Borrowed from the Cedar Falls Public Library.
Read between November 21-27, 2012.
Four out of five stars.
Daniel Abraham’s adaptation of George R. R. Martin’s A Game of Thrones is beautifully and vividly illustrated by Tommy Patterson throughout the graphic novel’s 240 full color glossy pages. This interpretation of the first title* in the hugely popular fantasy series includes an introduction by Martin where the author expounds his love of the graphic novel (or comic book, as he prefers) format, and his hesitation to attempt a film or other translation of the book. Martin’s involvement in the project is evident in the graphic novel’s close attention to detail and rigid adherence to the original print format’s storyline.
A combination of full page panels and multiple panel pages, the graphic novel relies heavily on dialogue between the series’ many characters, and less on thought bubbles or descriptor text boxes. As Martin explains in the preface, part of his skepticism to creating a graphic novel format of A Game of Thrones was how the print format’s heavy reliance on internal monologues would translate. In this sense, the graphic novel fails to fully capture the inner turmoil being experienced by the book’s characters. The illustrations help to convey the overall feeling of the book, though at times lack true grittiness and melancholy that is found throughout the print version.

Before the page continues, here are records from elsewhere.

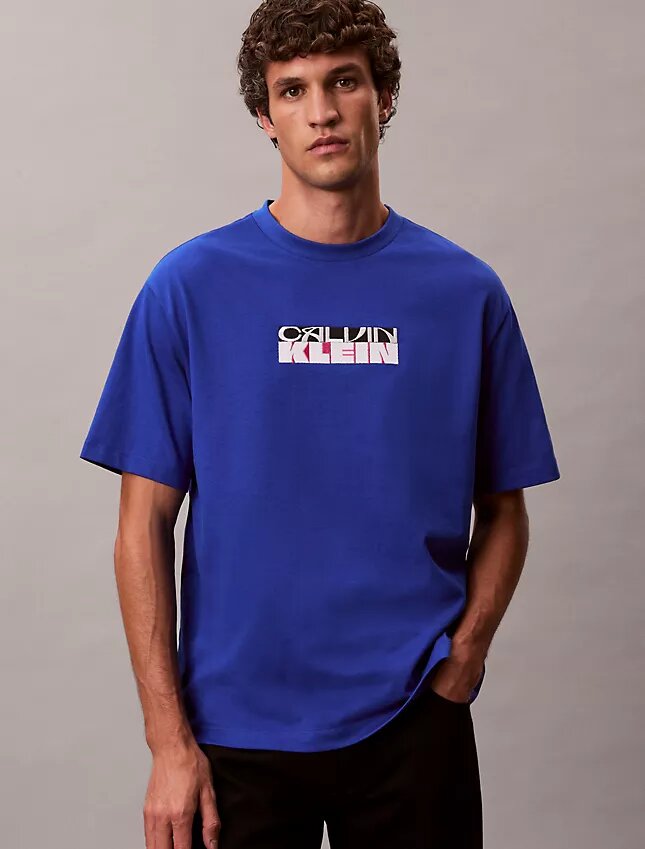T-shirt Descontraída com Logótipo em Bloco T-shirt Descontraída com Logótipo em Bloco
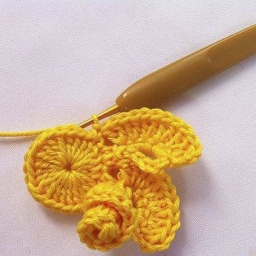 Интересный цветок крючком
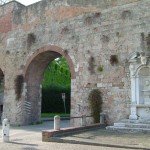 Le mura e la porta in piazza delle Gondole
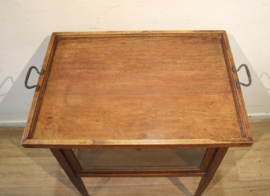 Antiek theekastje met dienblad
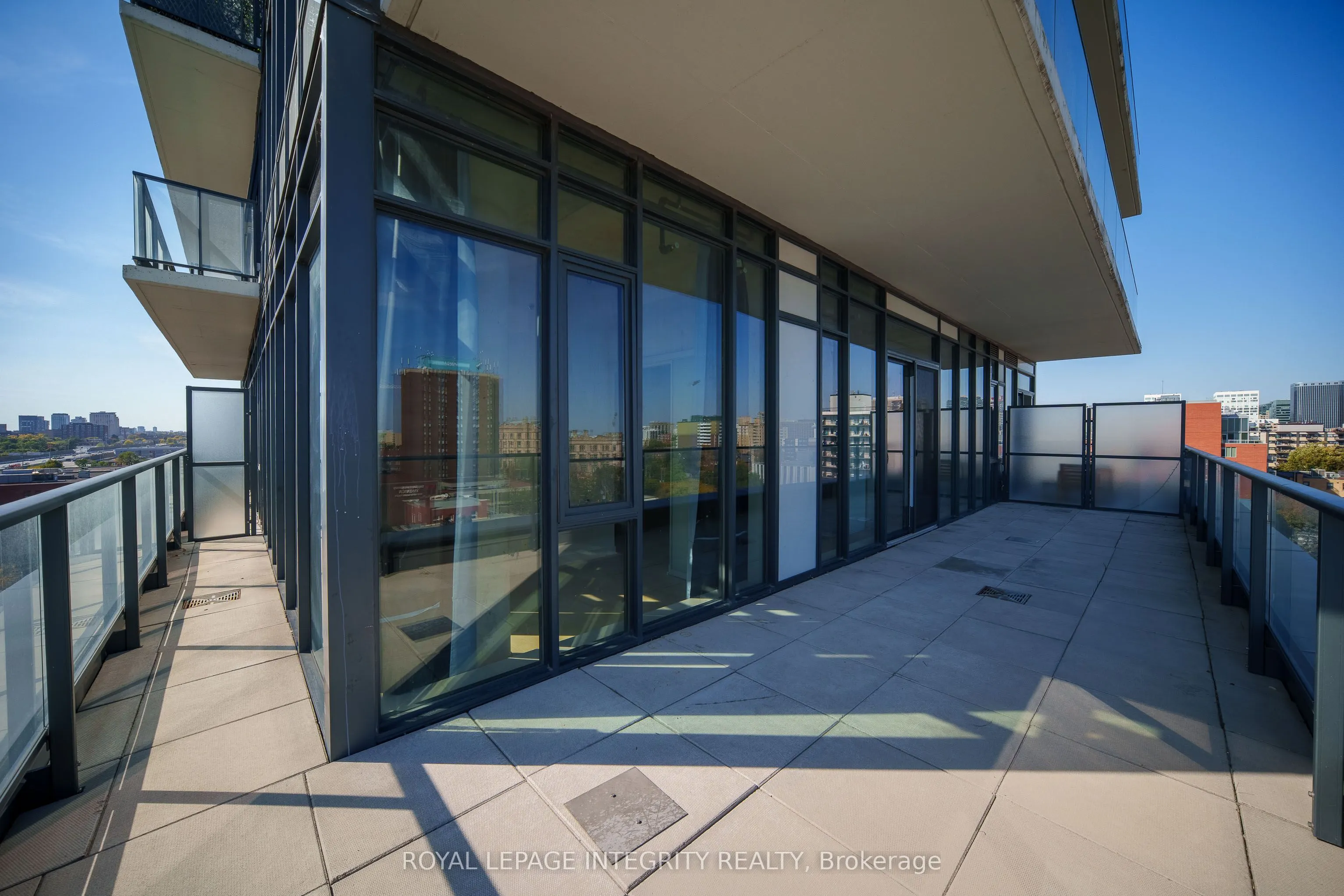 203 Catherine Street, #802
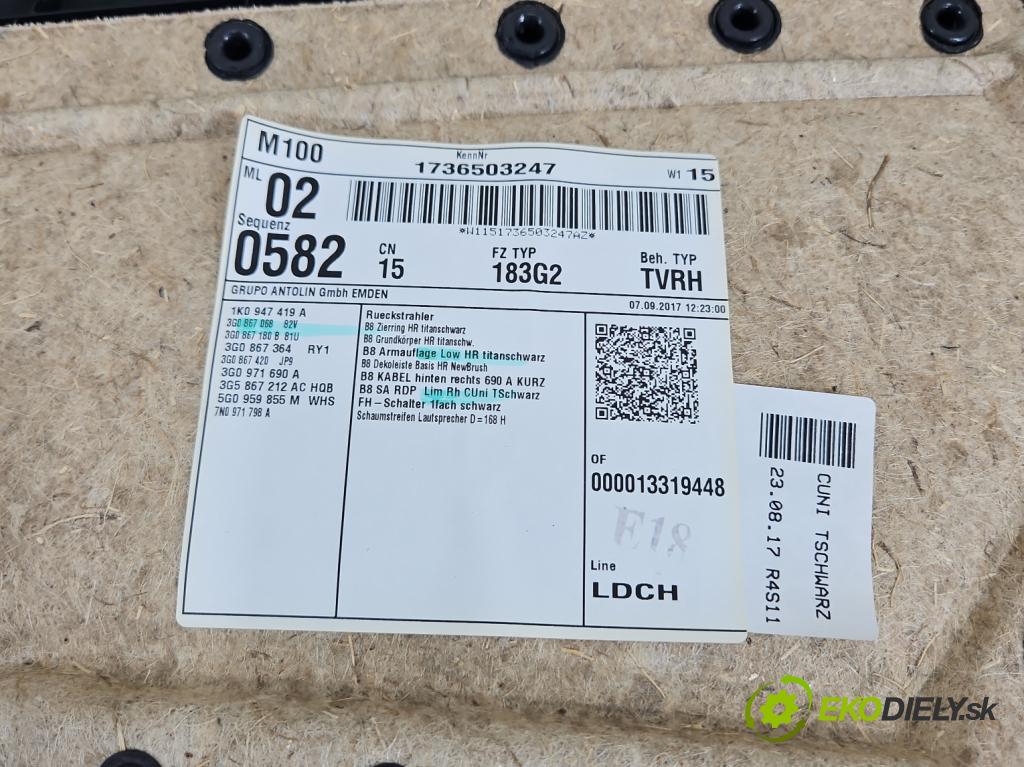 Vw Passat B8 2014 - 1.4 tsi 125 HP manual 92 kW 1395 cm3 4- Čalounictví: dvere zadné pravé
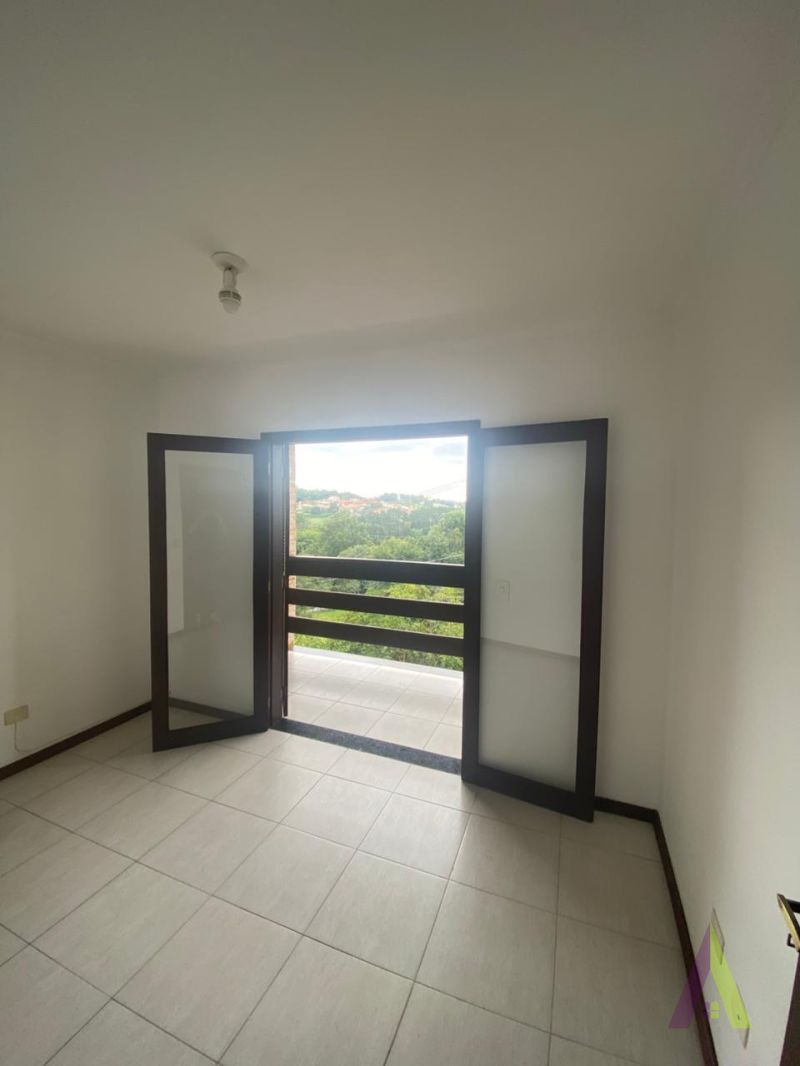 Sobrado de Alto Padrão com Vista Fantástica para a Cidade de São Roque! 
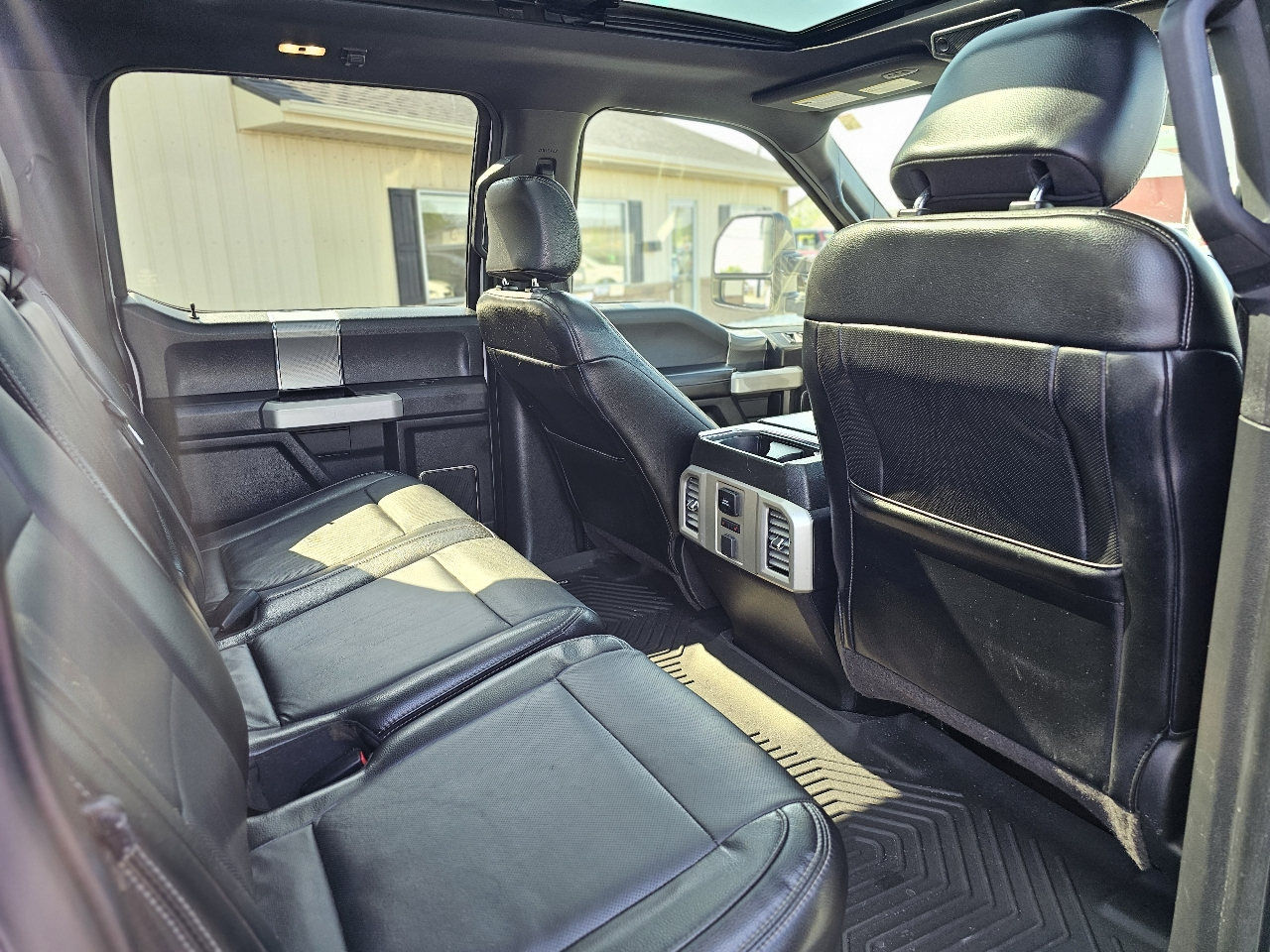 Ford F-150 SuperCrew 139" Lariat 4WD 2015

Another criticism of the graphic novel is its portrayal of the book’s female characters, though this is nothing new to the format (read: full bust, small waist, luxurious hair, doe eyes). For instance, in the original print book Daenerys is a thirteen year old girl, however she is pictured in the graphic novel as a fully developed woman, more often in the nude than clothed. Catelyn Stark too is shown au naturale, and looks much (much) younger than she is described in the original book. While there are instances of nudity, including some full frontal shots of female characters, there are not any explicit sex scenes; (more soft-core than hard, to be blunt). Readers who have watched the HBO series will find that the graphic novel is far less, well, graphic, than the show.
A Game of Thrones: The Graphic Novel, Volume One also contains some post-script, behind-the-scenes/the-making-of pages, which will appeal to those who are interested in the creative process and construction of graphic novels. The graphic novel will also appeal to readers who are interested in the Song of Ice and Fire series, but who may not be ready to commit to the length of the print format.

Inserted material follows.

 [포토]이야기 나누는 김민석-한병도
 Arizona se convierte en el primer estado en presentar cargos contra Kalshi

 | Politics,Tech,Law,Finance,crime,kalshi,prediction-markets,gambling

Overall, readers who are familiar with the series will undoubtedly find discrepancies between the graphic novel and the print format, but having read both I appreciate this interpretation and look forward to the continuance of the series. I have not, however, read many graphic novels, and hence cannot claim to be an expert in the format. I will continue to read graphic novels, both stand-alones and series.
*Volume One covers roughly one-third of the original print format. Volume Two is scheduled for release on June, 2013. I will definitely be reading the second installment.